Altro punto a favore del nostro è la grande umiltà che lo porta a omaggiare spesso i colleghi degni d’ammirazione, anzi a comporre due canzoni interamente concepite come dediche a poeti e cantanti vivi o scomparsi, Le petit bout de rêve e soprattutto la meravigliosa Un oiseau bleu, un oiseau vert, come a sentirsi parte di un canto che ha radici antiche e ali che lo spingeranno lontano, ben oltre la nostra provvisoria coscienza:
Un uccello blu, un uccello verde, una canzone di Prevert
toh il signor Kosma passò da lì [...]
Un uccello, come un libro aperto: Eluard, Aragon o Baudelaire
toh, il signor Ferré, ci canta Apollinaire [...]
Un uccello, una tromba per aria,
ah, signor Boris Vian, sputaci pure in testa.
Un uccello volato via da un quadro di Picasso, di Pablo
solo nero e blu, solo rosso e verde [...]
Un uccello blu un uccello verde, sul ramo di un libraio
toh, non è mai morto l’albero comunardo [...]
Uccellini, cinciallegre, usignoli e tu merlo fischiettante
ricordati che si nasconde a Parigi la carogna
che fucilò vigne e fiori per avere la pelle del poeta degli uccelli.
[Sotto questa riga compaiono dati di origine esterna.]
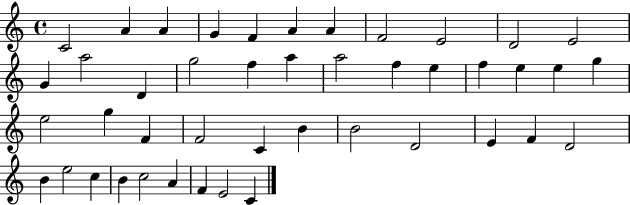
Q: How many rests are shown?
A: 0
Su tutti gli altri Fanon tributò più volte attestati di una ammirazione sconfinata soprattutto per Léo Ferré, a cui indirizzò una canzone che, come ogni opera riuscita, è in sostanza una canzone d’amore:
Tu mi piaci signor Léo di Hurlevent quando canti come un demonio
[...] amo quelle lacrime d’argento sul tuo viso d’acciaio.
[...] Tu mi piaci signor Léo di Hurlevent quando incanti i serpenti
come un bouquet di fiori del tempo
al tempo in cui Baudelaire ha avuto il tempo
di respirare i fiori del male, forse sarà un po’ anormale
un po’ anarchico e però, essere un anarchico non è mica male!
Tu mi piaci signor Léo di Hurlevent, ancor di più quando ti sbagli
ti succede ogni tanto, né Dio né Padrone[...]
nel tuo silenzioso straniamento, cade una certa pioggia
che somiglia curiosamente all’età d’oro, alla bellezza.
[...] Tu mi piaci signor Léo di Hurlevent, quando il cuore ti cresce fra i denti
[...] fa crick-crack sulla lingua, una cicca da arrostirvi il ventre
fa tutto giallo... non è molto chic, ma è Extra, signor Ferré.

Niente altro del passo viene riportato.